Riconoscerete sicuramente “All Tomorrow’s Parties” (Velvet Underground, 1967) che arriva a tamponare le orecchie dopo il medley n.4, diciannove minuti e due secondi non stop per ventiquattro citazioni, tra cui The Police, Kraftwerk, Parliament, Ennio Morricone, Igor Stravinsky, Caetano Veloso, etc…
Dal Bandcamp dei Deerhoof (e anche dal sito) si può scaricare gratuitamente il disco e leggere che l’origine del progetto alberga nella proposta di Benjamin Piekut (Università di Cornell) per la loro partecipazione alla prima edizione (2019) del Time Spans, festival di musica sperimentale a New York. L’idea di Piekut era che il gruppo riproducesse un intero album, per esempio di Mauricio Kagel o Luciano Berio, ma la band preferì lanciarsi in un unico set composto da un enorme medley che, registrato in studio un anno dopo, ha dato alla luce “Love-Lore”. A Piekut l’opera ricorda Goodbye 20th Century (1999) dei Sonic Youth, “ma mentre il gruppo di New York aveva lavorato su colonne sonore di Cage, Wolff e altri compositori, i Deerhoof adottano un approccio più ‘popolare’, imparando i temi a orecchio direttamente dal disco e riproducendoli secondo i loro gusti. Se i Sonic Youth coltivavano una certa riverenza per i loro predecessori musicali, i Deerhoof sembrano più scettici, non per questo mancandone di rispetto…”
I quarantatré pezzi di “Love-Lore” sono estratti da un periodo che va dagli anni ’50 ai ’80, secondo Joyful Recordings, l’etichetta del gruppo, “è un tentativo di riflettere sulle promesse di progresso eccessivamente ottimistiche che l’umanità ha nutrito attraverso la cultura e la musica del dopoguerra (…) i Deerhoof trovano conforto nella saggezza di alcune voci anti-establishment di quell’epoca, in particolare gli afro-futuristi, i cui semi sono cresciuti per cominciare ad essere alberi.”
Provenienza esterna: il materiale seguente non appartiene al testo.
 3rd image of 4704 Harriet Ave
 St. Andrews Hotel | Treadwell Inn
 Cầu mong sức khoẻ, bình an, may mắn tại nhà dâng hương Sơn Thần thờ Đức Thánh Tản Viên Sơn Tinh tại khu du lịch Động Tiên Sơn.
La copertina di Satomi Matsuzaki (bassista e cantante del gruppo), aiuta ad avvicinarsi all’idea, un enorme fungo nucleare è sullo sfondo, un albero con la chioma di teschio affonda le radici in libri e vinili mentre un piccolo uomo si protegge dall’esplosione e un’automobile, un maggiolone volante, deraglia per un’avaria al motore.